Until I met Kristi Gustavson at a recent press conference, we had only communicated by email after I contacted her about meeting for lunch. I knew she was the executive director of the Community Foundation of North Louisiana, but other than that, I knew very little about the 1996 Byrd graduate. Sitting outside at Ki Mexico and enjoying some incredible tacos, I heard a fascinating story about how she ended up at CFLA.

It’s funny how phone calls work. In 2017, Kristi Gustavson was on the verge of calling Cook, Yancey, King & Galloway – the law firm where she had served as a senior associate – and telling them she wanted to return.

Something about being in a courtroom and arguing a case in front of a judge attracted Gustavson – and she missed it. It’s why she got her law degree at Tulane University (graduating cum laude) after earning her Bachelor of Arts in political science from Rhodes College.

After practicing law in New Orleans, Gustavson and her husband moved back to Shreveport in 2007. She joined Cook, Yancey, King & Galloway, where she practiced commercial litigation, contract issues and bankruptcy. She chalked up trial experience in state district court, United States District Court, United States Bankruptcy Court, Louisiana State appellate courts and city courts.

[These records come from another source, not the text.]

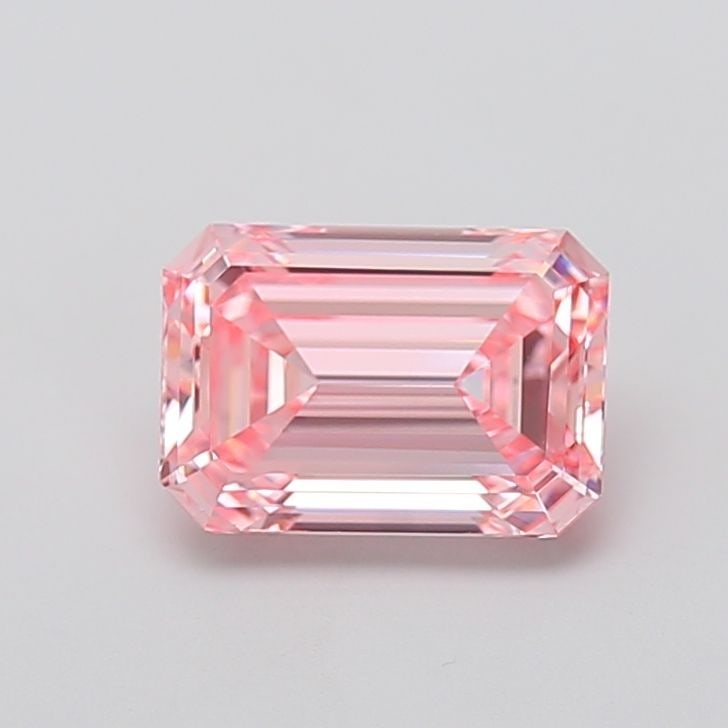 Loose Diamond - EMERALD 2.48ct Fancy Intense Pink VS1: Loose Diamond - EMERALD 2.48ct Fancy Intense Pink VS1 Source: This is a real non-mined Diamond that has been grown in a lab Shape: EMERALD Carats: 2.48 Color: Fancy Intense Pink Certification: IGI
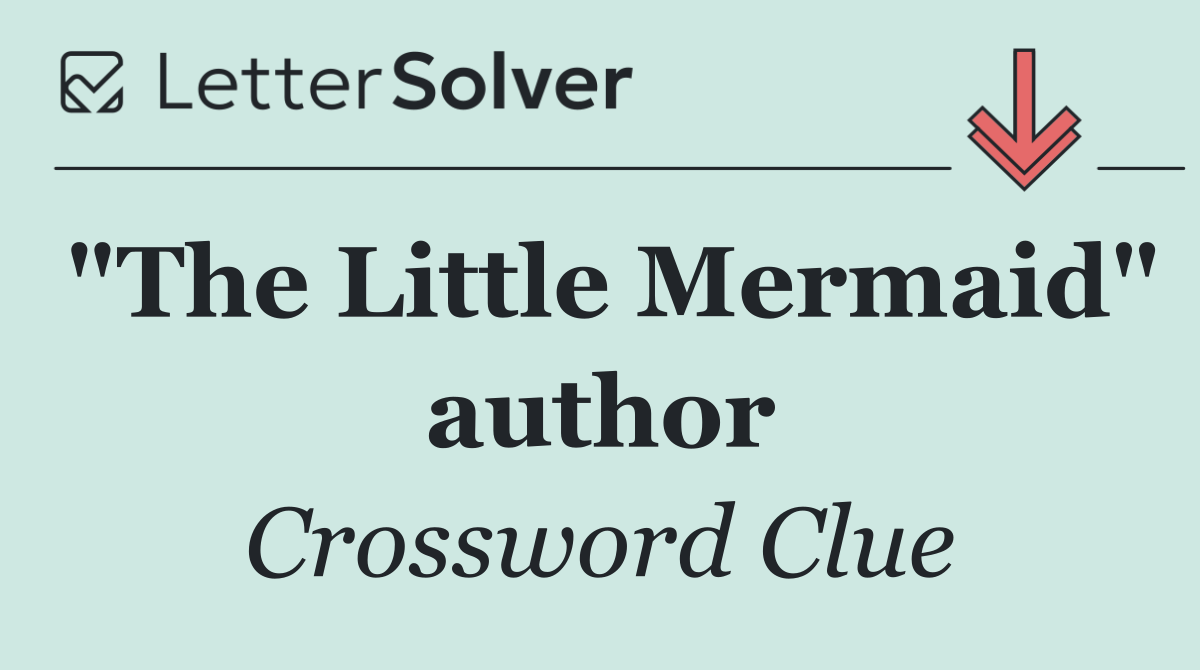 "The Little Mermaid" author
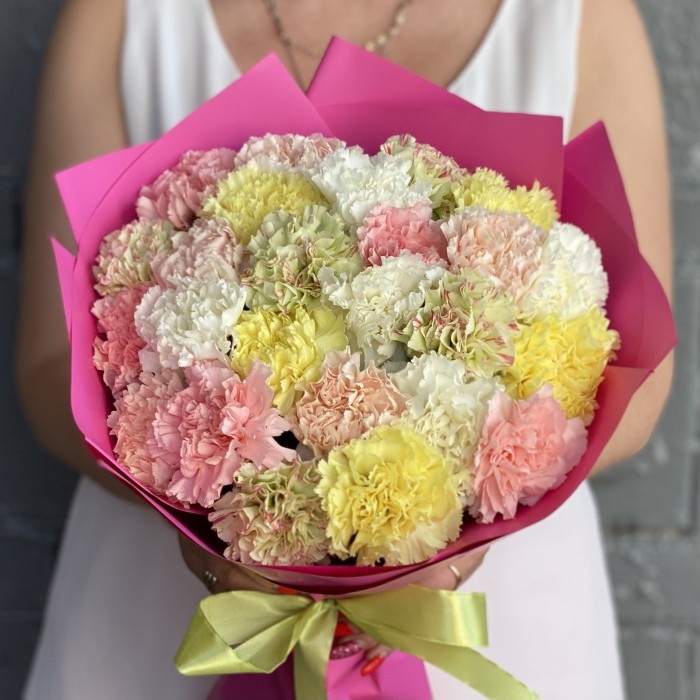 25 гвоздик летний микс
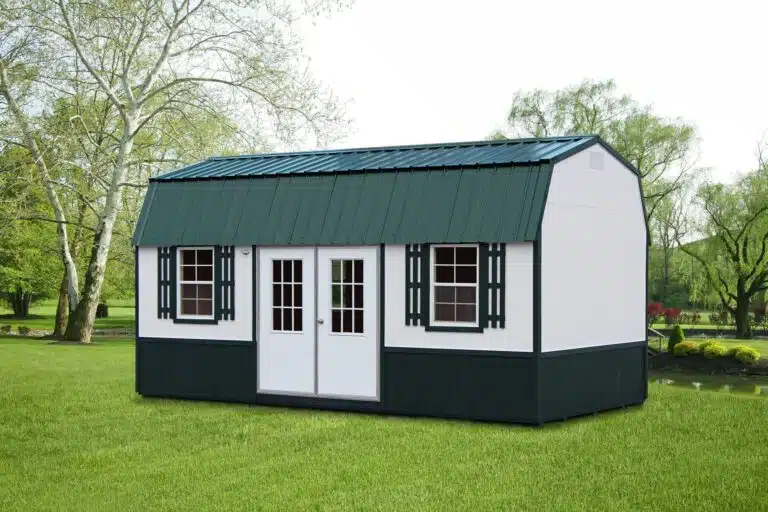 lofted barn shed portable buildings in arkansas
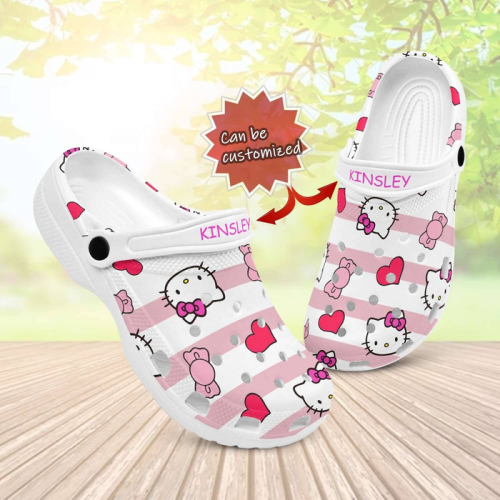 Personalized Lovely Hello Kitty Classic Clogs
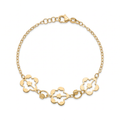 18K Yellow Gold Beaded Motif Baby Bracelet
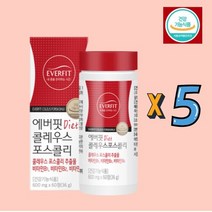 하루 2정으로 언제 어디서나 가볍고 자신있게 체지방감소도움 콜레우스포스콜리 (60정5개), 5개, 60정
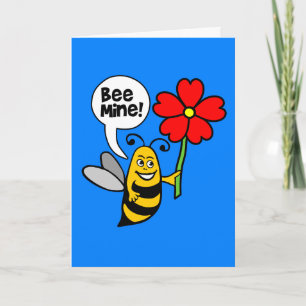 Cartão De Festividades Bee Mine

Then, in 2013, she got a call from Regions Bank – one of the law firm’s clients – about managing the trust department. At the time, Gustavson’s daughter Malin was 2 years old, and her husband was traveling a couple of weeks out of every month with his job at Red Ball Oxygen.

The change sounded good, so Gustavson left the law firm and joined Regions, where she served as a vice president and trust advisor. After four years in that capacity, however, she decided she wanted to return to the courtroom.

She was about to pick up the phone when something happened before she called Cook, Yancey to tell the firm she wanted to come back. Her phone rang.

On the other end of the phone was Paula Hickman, the executive director of the Community Foundation of North Louisiana.

“Paula called and wanted to take me to lunch,” explains Gustavson. “We (Regions) worked with the Community Foundation so I thought there might be something wrong with the account.”

On the contrary. As it turned out, Hickman was planning to retire after nearly 15 years leading the Community Foundation of North Louisiana, and she had decided whom she wanted to replace her.

“I had seen the advertisement for the position,” says Gustavson, “but I wouldn’t have applied for it.”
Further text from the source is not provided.